[Data records]

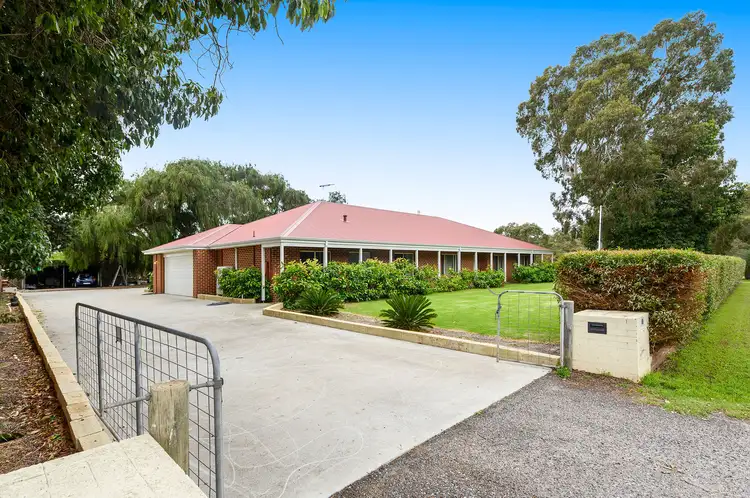 80 Old West Road, Bullsbrook WA 6084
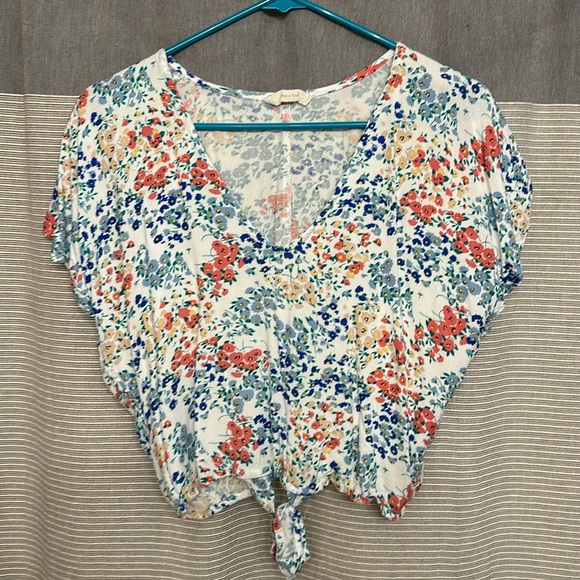 Sim & Sam Floral Top - Picture 1 of 3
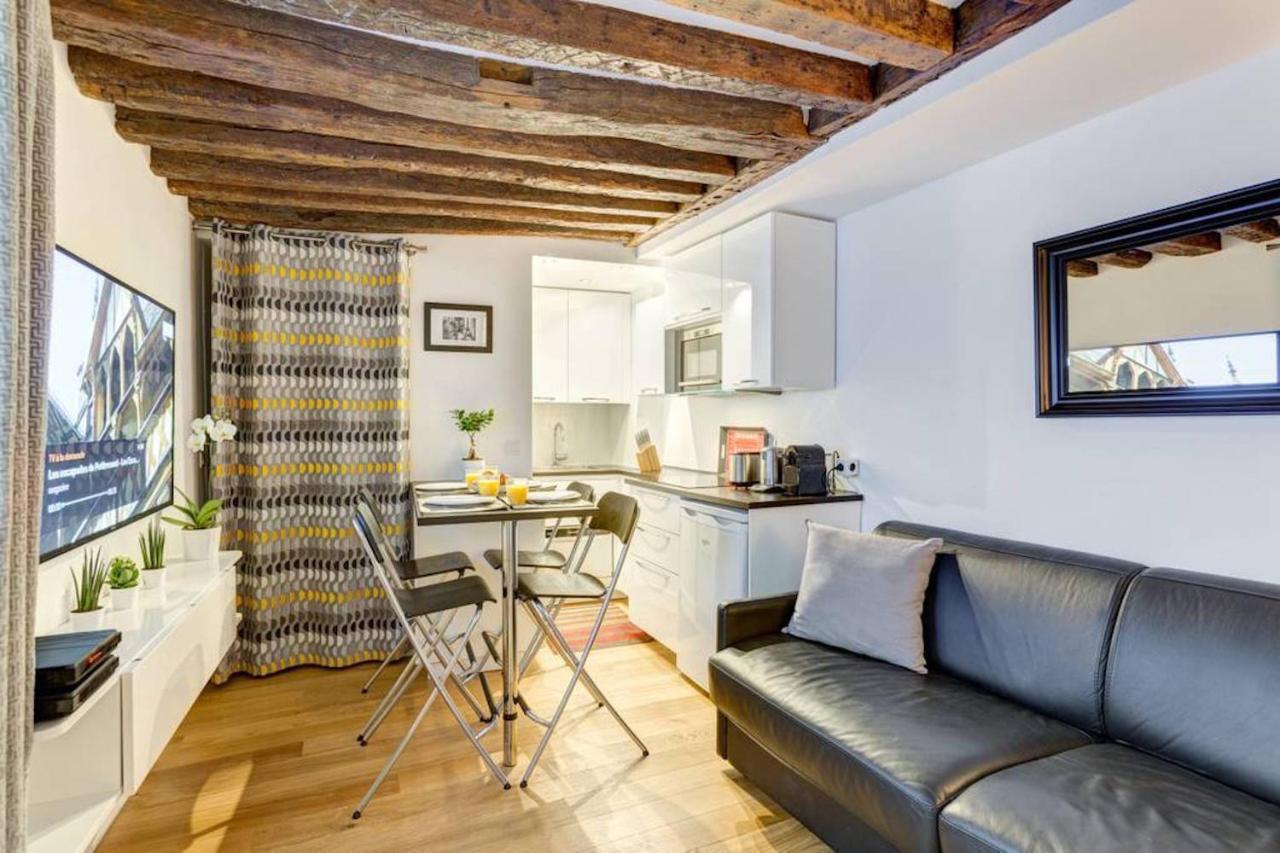 Historic Steps From Notre Dame And Louvre - Limited Offer * Paris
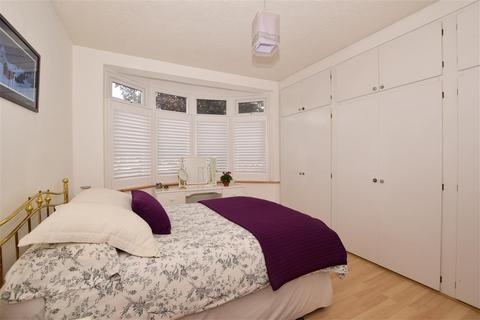 12 Highbarrow Road, Croydon, CR0 6LB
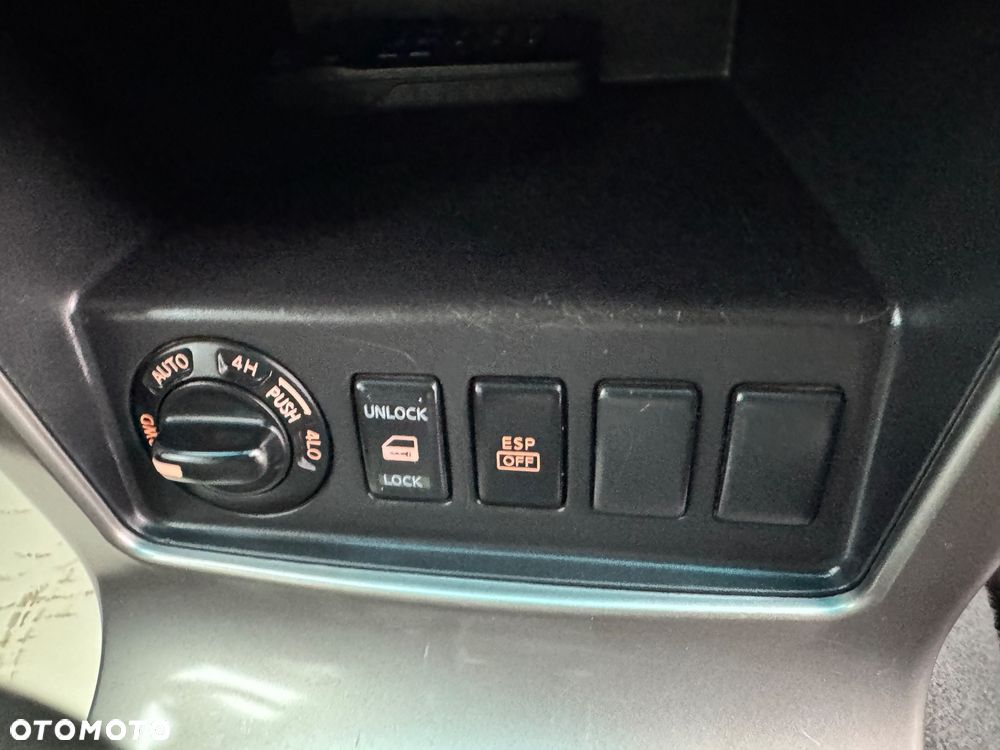 Nissan Pathfinder 2.5 dCi Premium - 13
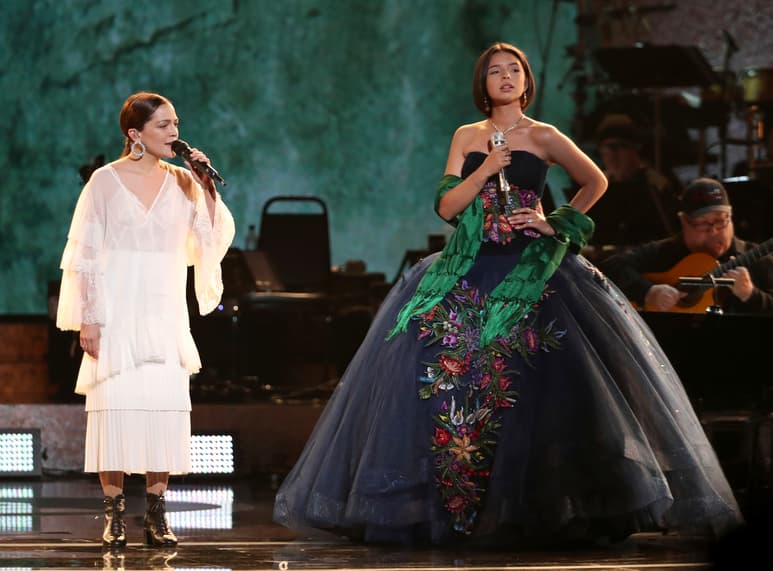 Talentosas. Natalia Lafourcade, Ángela Aguilar y la cantante Aída Cuevas, interpretaron La Llorona en los Grammy. (ESPECIAL)
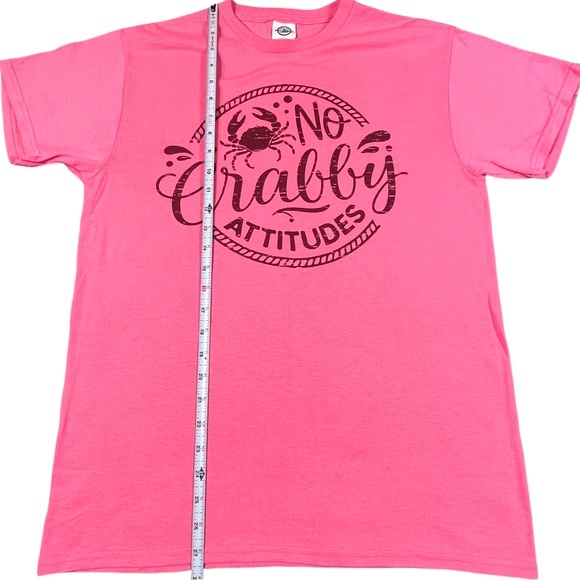 Delta Pro Weight medium hot pink shirt w/funny quote “No Crabby Attitudes” NWOT - Picture 5 of 6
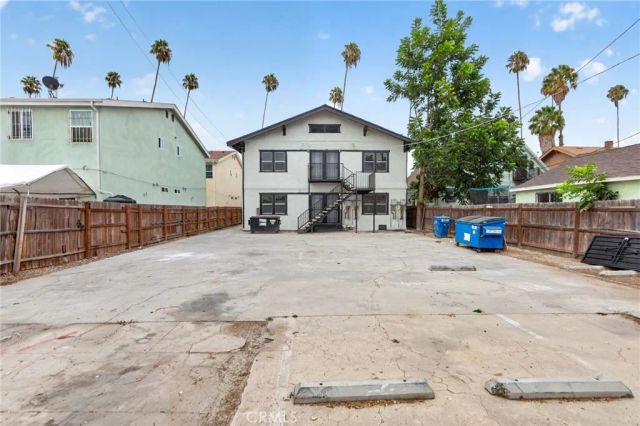 611 W 46th, Los Angeles, CA 90037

*Task item:*
Beginning with the line that contains "Sim & Sam Floral Top - Picture 1 of 3", output every line down to the last line of the entries above exactly as written, apart from the pictures.

*Task response:*
 Sim & Sam Floral Top - Picture 1 of 3
 Historic Steps From Notre Dame And Louvre - Limited Offer * Paris
 12 Highbarrow Road, Croydon, CR0 6LB
 Nissan Pathfinder 2.5 dCi Premium - 13
 Talentosas. Natalia Lafourcade, Ángela Aguilar y la cantante Aída Cuevas, interpretaron La Llorona en los Grammy. (ESPECIAL)
 Delta Pro Weight medium hot pink shirt w/funny quote “No Crabby Attitudes” NWOT - Picture 5 of 6
 611 W 46th, Los Angeles, CA 90037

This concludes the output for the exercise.